Because, you daft sod. You have been beastly to her. Treated her as little more than a pest. How else is she to respond?

But she had kissed him. She had claimed to love him, though that could not be true. She knew nothing of who he was.

A cold, canine nose rubbed the back of his hand where it was clenched into a fist over the top of the creel. With a pitiful whine, Humphrey mouthed the upper edge of the basket where several fin tails splayed, the fish too big to be contained completely inside. James idly nudged the dog away and returned to following the conversation between Viola and the man she apparently found terribly, unspeakably fascinating. So much so that she hadn’t stopped bloody speaking to him and smiling at him and laughing at his every quip for ten bloody minutes.

His only warning was a tug. Then Humphrey was charging across the open grass, his prize clutched between droopy jowls, his ears flapping like banners, the lead trailing behind, loosed from Viola’s grip.

“Humphrey!” she shouted, clapping her hands as though the damned hound would heed any sound over the scent of victory.

Then, she bunched her skirts in hand and gave chase.

Bloody hell.
He didn’t care a fig for the fish, but he would not have Viola running about after that stupid hound, who could knock her tiny form flat with one overzealous leap. Dropping his rod and creel in the grass, he barked at Wallingham, “If he comes back this way, take hold of his lead.”

Then, James was running. Chasing a girl who was chasing a dog. Like a bloody, besotted fool.

He watched her stop suddenly and veer to the right as Humphrey rounded the trunk of a willow. He took the left, anticipating the dog’s reversal. But he didn’t anticipate Viola’s speed. She reached the trailing lead before he could get to her. And her breathless shout of triumph ended in a yelp as she was yanked forward, her feet stumbling on the exposed tree roots.

He pushed harder, wrapping one arm about her waist and gathering her into him half a second before the bloody, stupid dog nearly cracked the side of her skull into the trunk of the tree. His free hand wrapped around the lead and yanked hard, growling at the dog to stop. It took every ounce of his control not to choke the careless thing. Not to squeeze Viola Darling until her skin merged with his.
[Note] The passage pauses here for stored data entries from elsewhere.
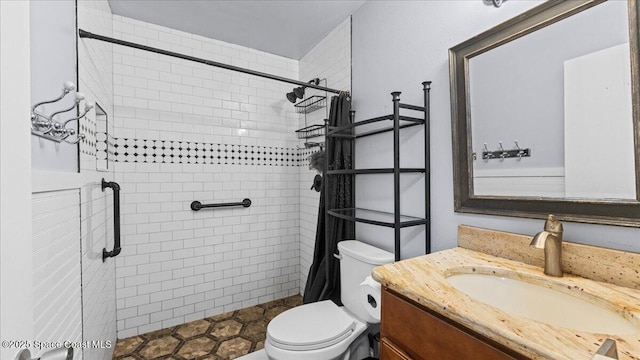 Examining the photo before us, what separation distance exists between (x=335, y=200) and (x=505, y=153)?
3.58 feet

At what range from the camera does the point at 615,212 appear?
831 mm

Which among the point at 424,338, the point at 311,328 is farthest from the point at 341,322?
the point at 424,338

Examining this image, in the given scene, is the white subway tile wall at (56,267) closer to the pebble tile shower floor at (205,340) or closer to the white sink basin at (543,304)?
the pebble tile shower floor at (205,340)

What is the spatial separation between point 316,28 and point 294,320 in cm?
213

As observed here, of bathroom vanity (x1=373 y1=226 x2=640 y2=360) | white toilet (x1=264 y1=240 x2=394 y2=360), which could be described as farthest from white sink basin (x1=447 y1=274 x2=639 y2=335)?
white toilet (x1=264 y1=240 x2=394 y2=360)

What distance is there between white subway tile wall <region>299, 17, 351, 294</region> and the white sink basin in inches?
61.5

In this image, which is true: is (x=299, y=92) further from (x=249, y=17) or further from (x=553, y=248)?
(x=553, y=248)

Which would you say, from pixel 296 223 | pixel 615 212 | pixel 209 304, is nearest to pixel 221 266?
pixel 209 304

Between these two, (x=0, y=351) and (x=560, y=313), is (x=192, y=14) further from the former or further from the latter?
(x=560, y=313)

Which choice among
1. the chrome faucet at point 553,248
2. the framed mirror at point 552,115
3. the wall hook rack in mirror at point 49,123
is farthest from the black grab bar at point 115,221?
the chrome faucet at point 553,248

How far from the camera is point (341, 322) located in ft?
4.80

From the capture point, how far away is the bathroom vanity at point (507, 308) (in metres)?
0.55

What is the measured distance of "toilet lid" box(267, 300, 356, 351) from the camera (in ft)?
4.24

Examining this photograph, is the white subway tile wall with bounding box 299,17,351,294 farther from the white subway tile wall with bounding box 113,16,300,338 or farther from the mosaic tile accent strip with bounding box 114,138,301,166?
the mosaic tile accent strip with bounding box 114,138,301,166
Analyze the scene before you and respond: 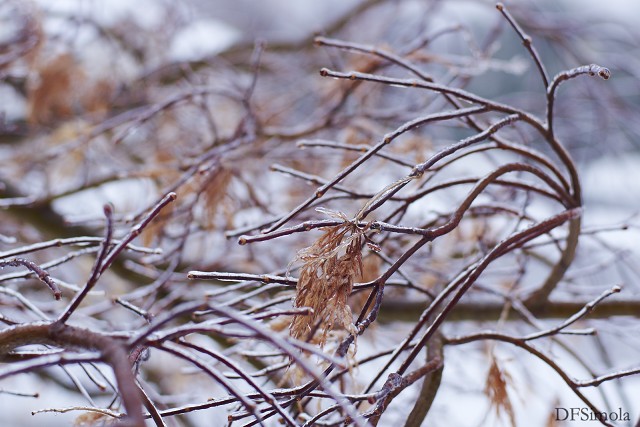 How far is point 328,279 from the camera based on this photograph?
0.63 metres

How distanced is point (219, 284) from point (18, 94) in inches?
42.6

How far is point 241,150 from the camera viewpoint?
1313 millimetres

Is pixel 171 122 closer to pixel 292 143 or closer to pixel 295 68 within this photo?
pixel 295 68

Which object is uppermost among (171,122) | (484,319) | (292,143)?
(171,122)

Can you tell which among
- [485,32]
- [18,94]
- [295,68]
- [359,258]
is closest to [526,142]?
[359,258]

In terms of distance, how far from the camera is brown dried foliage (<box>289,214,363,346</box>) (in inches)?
24.5

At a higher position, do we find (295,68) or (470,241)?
(295,68)

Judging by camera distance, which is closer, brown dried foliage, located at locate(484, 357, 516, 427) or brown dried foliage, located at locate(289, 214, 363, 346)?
brown dried foliage, located at locate(289, 214, 363, 346)

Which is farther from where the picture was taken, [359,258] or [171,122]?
[171,122]

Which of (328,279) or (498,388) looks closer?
(328,279)

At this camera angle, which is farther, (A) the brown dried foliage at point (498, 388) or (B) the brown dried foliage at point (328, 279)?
→ (A) the brown dried foliage at point (498, 388)

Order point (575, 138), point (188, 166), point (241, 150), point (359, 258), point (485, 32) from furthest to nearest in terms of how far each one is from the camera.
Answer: point (485, 32), point (575, 138), point (241, 150), point (188, 166), point (359, 258)

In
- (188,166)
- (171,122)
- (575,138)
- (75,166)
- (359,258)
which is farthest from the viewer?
(575,138)

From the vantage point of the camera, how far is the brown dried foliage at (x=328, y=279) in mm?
622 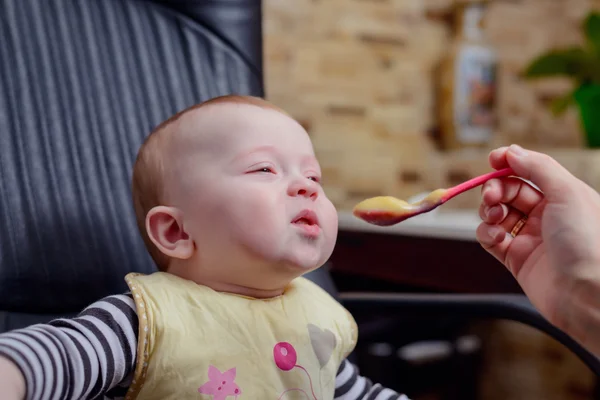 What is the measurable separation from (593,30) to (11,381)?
1.68 metres

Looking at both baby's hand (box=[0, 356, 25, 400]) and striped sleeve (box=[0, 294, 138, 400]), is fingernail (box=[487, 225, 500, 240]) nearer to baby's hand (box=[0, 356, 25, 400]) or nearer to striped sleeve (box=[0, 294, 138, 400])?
striped sleeve (box=[0, 294, 138, 400])

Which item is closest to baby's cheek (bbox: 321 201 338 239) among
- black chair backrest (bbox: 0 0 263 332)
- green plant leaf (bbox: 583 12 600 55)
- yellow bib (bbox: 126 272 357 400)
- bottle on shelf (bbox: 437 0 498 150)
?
yellow bib (bbox: 126 272 357 400)

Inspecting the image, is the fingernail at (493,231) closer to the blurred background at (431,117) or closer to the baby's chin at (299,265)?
the baby's chin at (299,265)

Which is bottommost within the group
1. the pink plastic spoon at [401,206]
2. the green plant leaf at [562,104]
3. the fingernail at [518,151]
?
the green plant leaf at [562,104]

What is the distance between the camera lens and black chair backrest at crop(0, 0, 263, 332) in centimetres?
85

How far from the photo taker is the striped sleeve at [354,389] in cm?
84

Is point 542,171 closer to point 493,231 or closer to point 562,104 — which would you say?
point 493,231

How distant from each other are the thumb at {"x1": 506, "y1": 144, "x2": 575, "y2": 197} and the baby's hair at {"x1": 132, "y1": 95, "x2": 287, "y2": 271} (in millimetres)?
288

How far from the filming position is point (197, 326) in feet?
2.27

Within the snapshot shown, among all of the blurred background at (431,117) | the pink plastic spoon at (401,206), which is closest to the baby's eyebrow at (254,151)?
the pink plastic spoon at (401,206)

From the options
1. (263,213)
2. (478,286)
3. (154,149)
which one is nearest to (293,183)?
(263,213)

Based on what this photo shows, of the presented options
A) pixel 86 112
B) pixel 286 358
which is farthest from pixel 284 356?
pixel 86 112

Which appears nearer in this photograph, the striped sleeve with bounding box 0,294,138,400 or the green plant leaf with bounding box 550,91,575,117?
the striped sleeve with bounding box 0,294,138,400

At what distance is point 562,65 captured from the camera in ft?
5.82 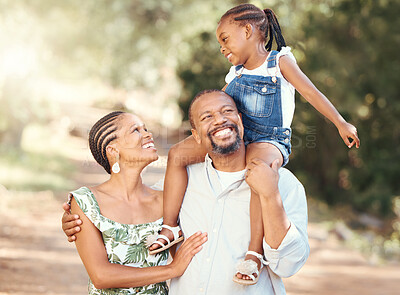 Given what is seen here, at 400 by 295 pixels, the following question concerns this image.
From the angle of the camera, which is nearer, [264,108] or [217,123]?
[217,123]

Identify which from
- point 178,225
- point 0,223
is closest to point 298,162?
point 0,223

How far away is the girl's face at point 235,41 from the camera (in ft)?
9.99

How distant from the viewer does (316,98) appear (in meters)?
2.80

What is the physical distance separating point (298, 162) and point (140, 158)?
9728mm

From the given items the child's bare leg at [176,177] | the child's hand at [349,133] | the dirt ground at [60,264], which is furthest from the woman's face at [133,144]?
the dirt ground at [60,264]

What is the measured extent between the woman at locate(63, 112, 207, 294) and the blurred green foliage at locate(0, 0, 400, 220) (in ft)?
15.2

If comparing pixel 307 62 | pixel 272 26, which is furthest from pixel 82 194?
pixel 307 62

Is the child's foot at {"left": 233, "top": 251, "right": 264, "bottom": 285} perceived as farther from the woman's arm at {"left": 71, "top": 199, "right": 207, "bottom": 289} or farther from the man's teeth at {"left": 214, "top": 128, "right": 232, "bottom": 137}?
the man's teeth at {"left": 214, "top": 128, "right": 232, "bottom": 137}

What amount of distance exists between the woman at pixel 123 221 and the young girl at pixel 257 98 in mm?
97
But he could not do either one. The dog did not belong to him. And neither did Viola.

He released her tiny waist. Pulled away before she felt how he’d reacted. Then, more calmly than he had any right to, he pried open the dog’s jaw and retrieved his mutilated fish.

“T-Tannenbrook. I am so sorry. Your poor fish.”

“It doesn’t matter. Wallingham!” he shouted.

Wallingham approached through the tall grass.

James handed him the leash. “I trust you can manage him. You may wish to inform your mother that her hound requires further training and should not be handled by young ladies until he can be trusted not to pull them off their feet.”

Perhaps his tone was severe. He did not care.

“I shall,” Wallingham replied solemnly, his eyes understanding far too much. “Miss Darling, my sincere apologies. Humphrey will not harm you again, I promise.” He tugged the lead and started back across the grassy clearing, a chastened Humphrey loping behind, head lowered and ears swinging far less merrily.

“Oh, no,” Viola protested. “But, he is still just a pup! He didn’t mean any harm. Tannenbrook, don’t punish him. Really, Humphrey is a delight. He was simply … caught up in the moment. He would never purposely hurt me.”

James braced one palm against willow bark and leaned down until his face was directly in front of hers. “No. Because he will not have the opportunity.”

Her eyes dropped to his lips. And just like that, she was too close. Too damned close.